11 foducts 4 the lamily

1. Hobart 2.0, wow, with new web features, etc.

2. Diagram 12.4 is OUT!

3. Joshua Cohen:

The repetitions are, in my mind, linked to the idea that the Internet is conceptually vast, but you end up spending the bulk of your time visiting the same sites again and again (or perhaps this is just my own practice). I’m not especially interested in the variety of the Internet; rather I’m interested in the human experience of the promise of variety, a promise fulfilled only by a similarity or sameness, and the idea that the computer seems to license every option of virtuality, while our own humanity seems limited, or to self-limit, through laziness or shame, to the same thing every day.

7. Disorientation, a reading list, at The Millions:

11. My writing tip of the day: It isn’t done when you think it is done.

5. My Grading Scale for the Fall Semester, Composed Entirely of Samuel Beckett Quotes. (By Matt Bell)

One Comment

  1. deadgod

      3. What Cohen says about internet venues could also be said about friendship:

      Out of seven billion people, most people don’t have more than 5 or so close friends.
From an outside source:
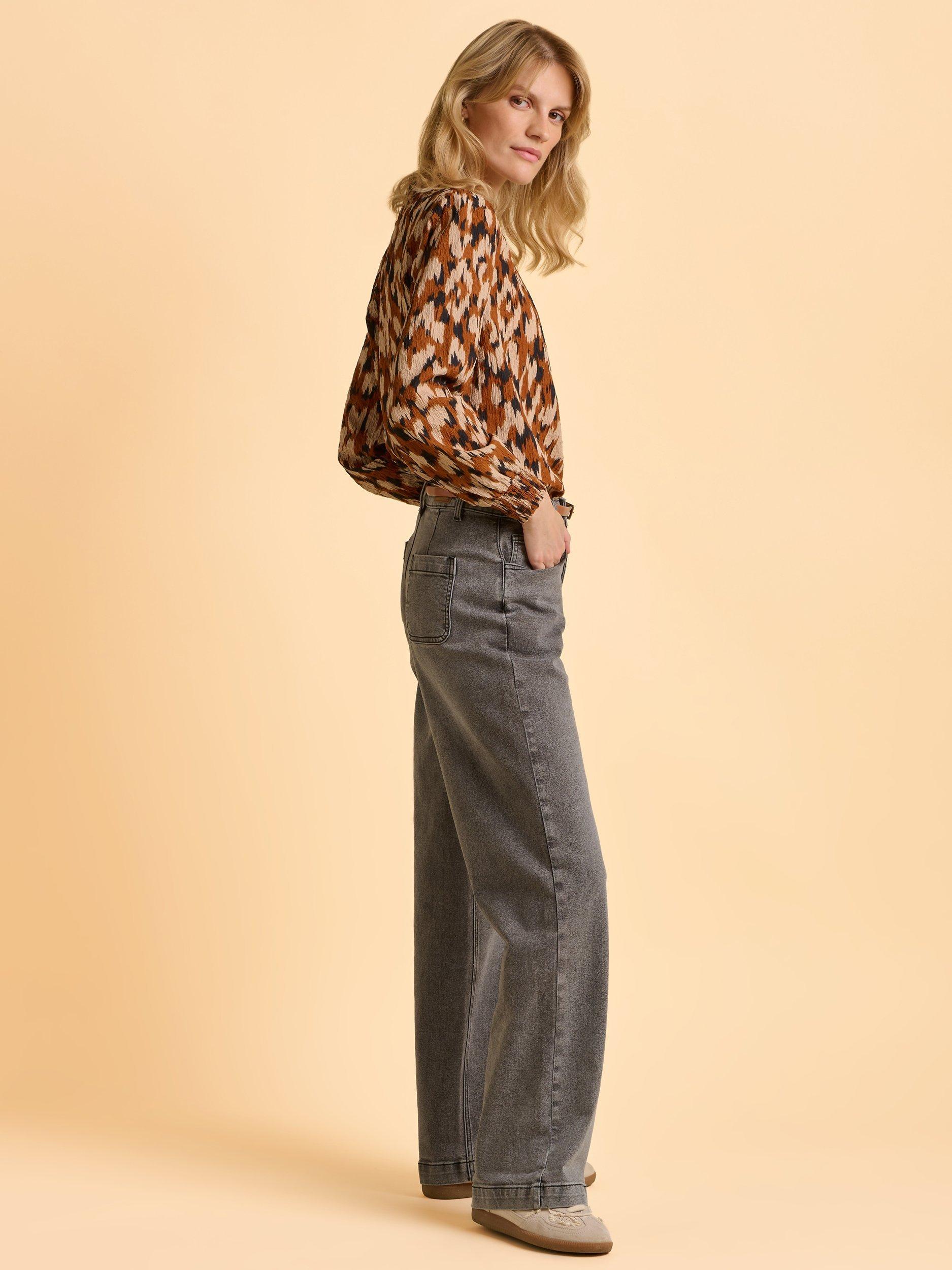 Product image 3 of 6, which shows Brakeburn Angelina Abstract Animal Print Top, Blush/Multi, 8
Do people limit the number of their close friendships out of laziness or shame?

      (And even when laziness and shame are parameters in one’s self-limitation of close friendships, are those self-imposed constraints the only effective context?)
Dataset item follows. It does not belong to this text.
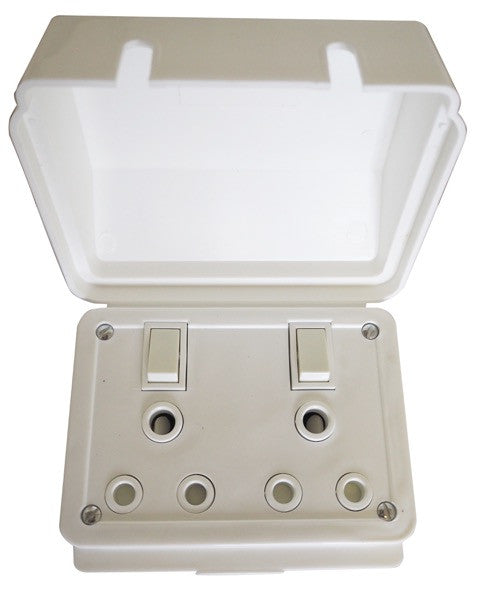 TITAN DOUBLE WEATHERPROOF SWITCH SOCKET + COVER 75x75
      I don’t think Cohen is taking the meaning of “variety” in the way that it’s causal. It’s (partly) because there are so many sites where one can hang out that one chooses the ones that one does. Were there a million-fold fewer sites to choose from, one would still only hang out at a handful–but they’d be the same constellation as many more people choose than is the case now.
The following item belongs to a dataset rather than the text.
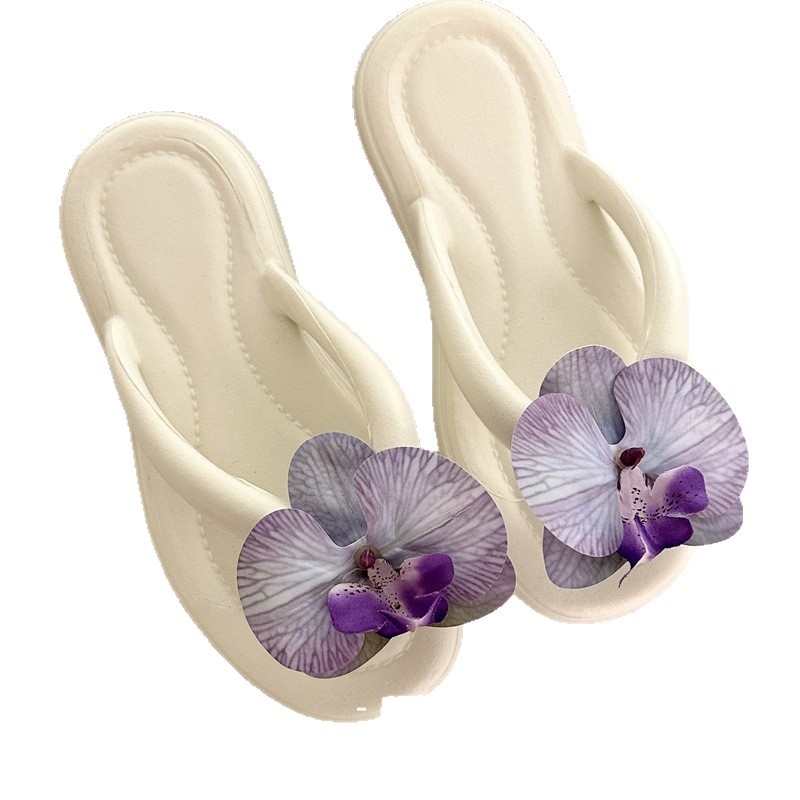 Ženske Butterfly Orchid flip-flopovi – svakodnevne udobne sandale s mekanom EVA sole, kožna unutrašnjost, injekcijska konstrukcija potplata, plosko dno, proljeće 2025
      The causality of “variety” is a matter of the priority of the actual to the potential–that is, of the priority of “variety” to “promise of variety”. Because there are so many choices, you can pick your own hang-outs more flexibly. While it’s true that “variety” is not and doesn’t necessarily represent ‘freedom’, it’s also true that calling ‘too much variety’ a constraint of its own asks of “variety” that it itself do the work, as it were, of “humanity”.

      So why only a handful of close friends, or internet hangouts? What’s the effect of “humanity” being limited in each human to a tiny selection of the diversity seemingly on offer in “humanity” as a whole (or generally)?

      A person experiences the “promise of variety” in many (all?) aspects of life by way of settling for what’s pleasing (even when that means constantly restlessly being dissatisfied with present circumstances). –so, “a similarity or sameness” of choices over time.

      But to notice that is to notice the self-sameness – the self-limitation of plasticity – of each person! That’s not a constraint of opportunity; where there is “variety”, plastic self-limitation is the expression of ‘opportunities’.